Towards the End

256 20 4
                                    

Bir sonraki bölümümüz final. Umarım beğendiğiniz bir bölüm olur.
İyi okumalar!

🕸️🕸️🕸️

Ertesi sabah başkanın bana verdiği işleri hallettikten sonra plan yapmak için çeteyle birlikte başkanın odasında toplandık.

Başkan şapkasını düzelterek önündeki fotoğraflarla dolu olan panoya bir bakış attıktan sonra bize döndü. "Artık bu oyuna bir son vermemiz gerektiğini düşünüyorum. Kim Joon Seo yerini açığa vererek bir savaş çağrısında bulundu. Onun işini bitireceksiniz. Bu iş fazla uzadı."

Başkana katılıyordum. O piç kurusuna yaptığı her şeyi ödetecektim. Jennie'ye ve Minsung'a yaptıkları karşılıksız kalmayacaktı.

Bu hayatta en sevdiğim bir şey varsa, o da intikam almaktı. Hak edene hak ettiğini vermek gerektiği düşüncesini savunuyordum.

İnsanların yaptıklarını görmezden gelip tanrıya bırakmaktansa onları cezalandırıp tanrının beni cezalandırmasına razı olmayı tercih ederdim. Benim için bu daha adildi.

"Akşamüstü Incheon hava limanından ayrılıp ormanlık alandaki evine doğru yola çıkacak. Yolda uğrayacağı bir ev olacak. İşte siz orda devreye gireceksiniz. Elektrikler kesilecek ve ışıkların aydınlattığı o ışıltılı sokak karanlığa bürünecek. Taehyung, bu görevi sana veriyorum. Hakkında daha fazla bilgiye erişmemize gerek kalmadı. Bu bilgilerden onu öldürdükten sonra da yararlanabiliriz. "

Çeteyle birlikte nefeslerimizi tutmuş, gözlerimizi bile kırpmadan başkanın ağzından çıkanları pür dikkat dinliyorduk. Kim Joon Seo'nun sonunu en iyi şekilde getirmeliydik.

Başkan sesli bir nefes vererek, "Jennie'yle ilgili planda da bir değişiklik yapmaya karar verdim." dedi.

Gözlerimi kıstım. Ne gibi bir değişiklikti bu?

"Onu planlarımızın içinde tutmaktan vazgeçtim. O adamın adını bile anmak ona zor geliyor olmalı. Ona bunu yapmak istemiyorum. Onu kendine aşık etme planı iptal. Jennie bundan sonra nasıl istiyorsa öyle bir hayat yaşayacak. İsterse okuluna kaldığı yerden devam edebilecek, ne istiyorsa onu yapacak. Yeterince olay yaşadı. Bu kadarı bile ona fazla. "

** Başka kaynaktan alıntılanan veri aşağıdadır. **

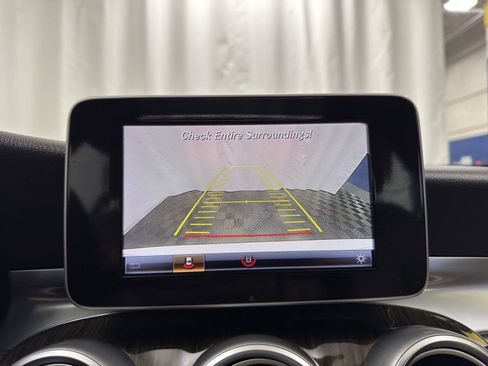 Used 2018 Mercedes-Benz C 300 4MATIC Sedan w/ Premium Package image 16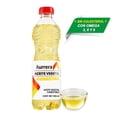 thumbnail image 1 of Aceite vegetal Aurrera comestible 450 ml, 1 of 4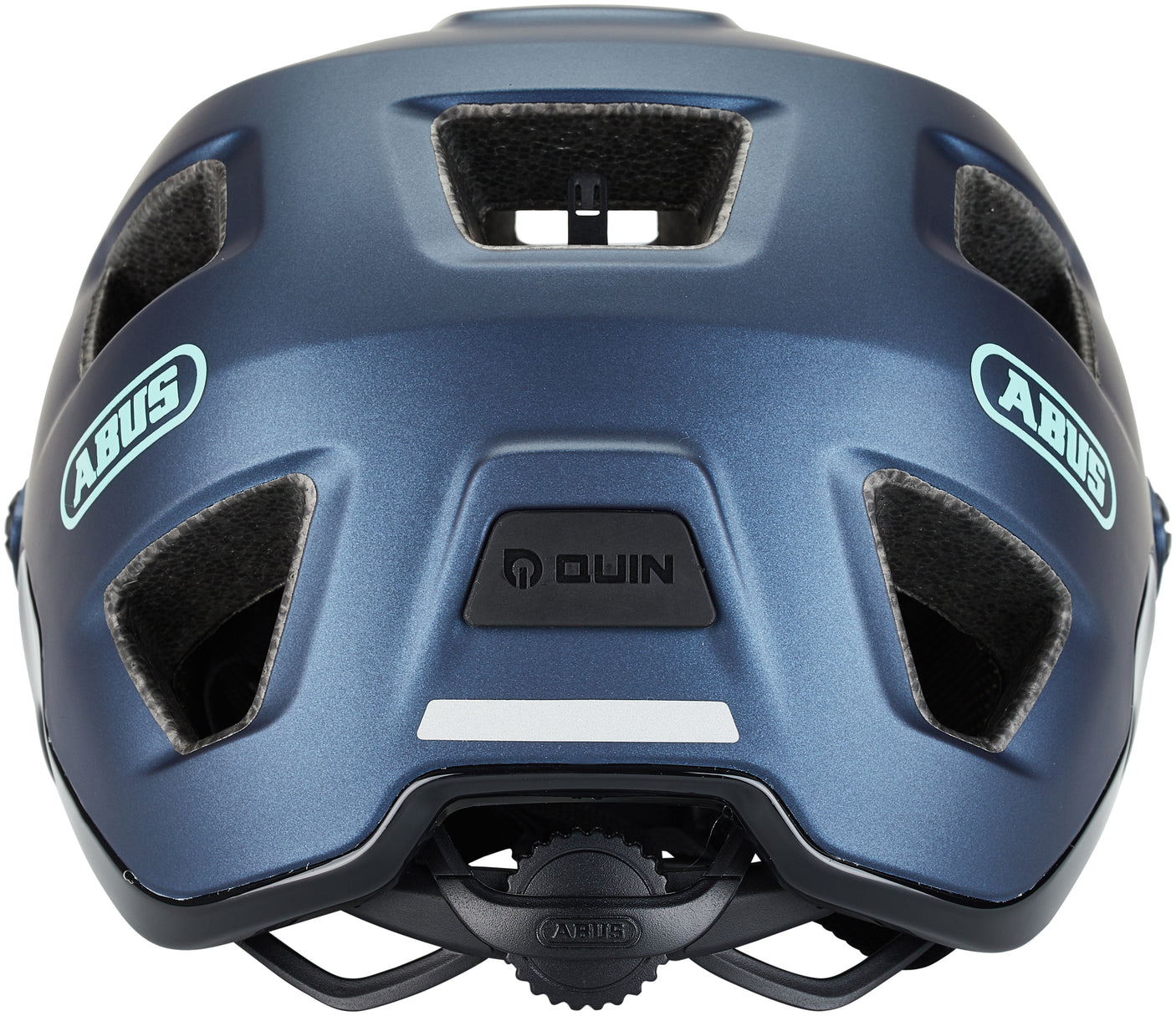 ABUS Modrop helm MTB nachtblauw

Huzurla nefes verdim. Bu planı zaten yapmak istemiyordum. Jennie'yi daha fazla kandırmak istemiyordum. Bu benim için de iyi olmuştu.

"Akşama hazırlanın, Lisa ve Jisoo'ya plandan bahsetmeyeceğim. Bu çetenin bir görevi olacak. Dağılabilirsiniz."

Başkanın odasından çıkarken Jimin ve Jungkook koluma girdi. "Hadi yine iyisin," dedi Jungkook gülerek.

Gülümseyerek karşılık verdim. Şirketin kafesine gidip bir masaya oturduk. Söylediğimiz kahveleri içerken, "Sonunda." dedi Suga. "Bu herifle uğraşmaktan bıktım. Hiç bu kadar uzun süre biriyle uğraşmamıştık."

Namjoon ellerini birbirine kenetledi ve gözlerini önündeki kahve bardağına odakladı. "Kim Joon Seo içlerinden en tahmin edilemez ve ruh hastası olanı. En son bu kadar garip bir herifle ne zaman uğraşmıştık? 3 yıl önce miydi?"

Jungkook kafasını salladı. "Şu ünlü bir markanın ceosuydu. Kızı çok güzeldi ama. Yazık oldu ya."

Jungkook'a göz devirerek kahvemden bir yudum aldım ve söylediğim kurabiyeden bir ısırık aldım. "Ondan sonra ne olmuştu? Şirket batmıştı sanırım. Karısı da başka adamla evlendi."

"Bu zenginleri anlamak zor," dedi Seokjin sanki kendisi zengin değilmiş gibi.

Bir süre sessizlik olduktan sonra Namjoon sessizliği bozarak Jungkook'a döndü. "Sen dün nereye kayboldun lan? Sabah leş gibi alkol kokarak geldin. Akşam o kadar içmemiştin. Yine ne bok yedin?"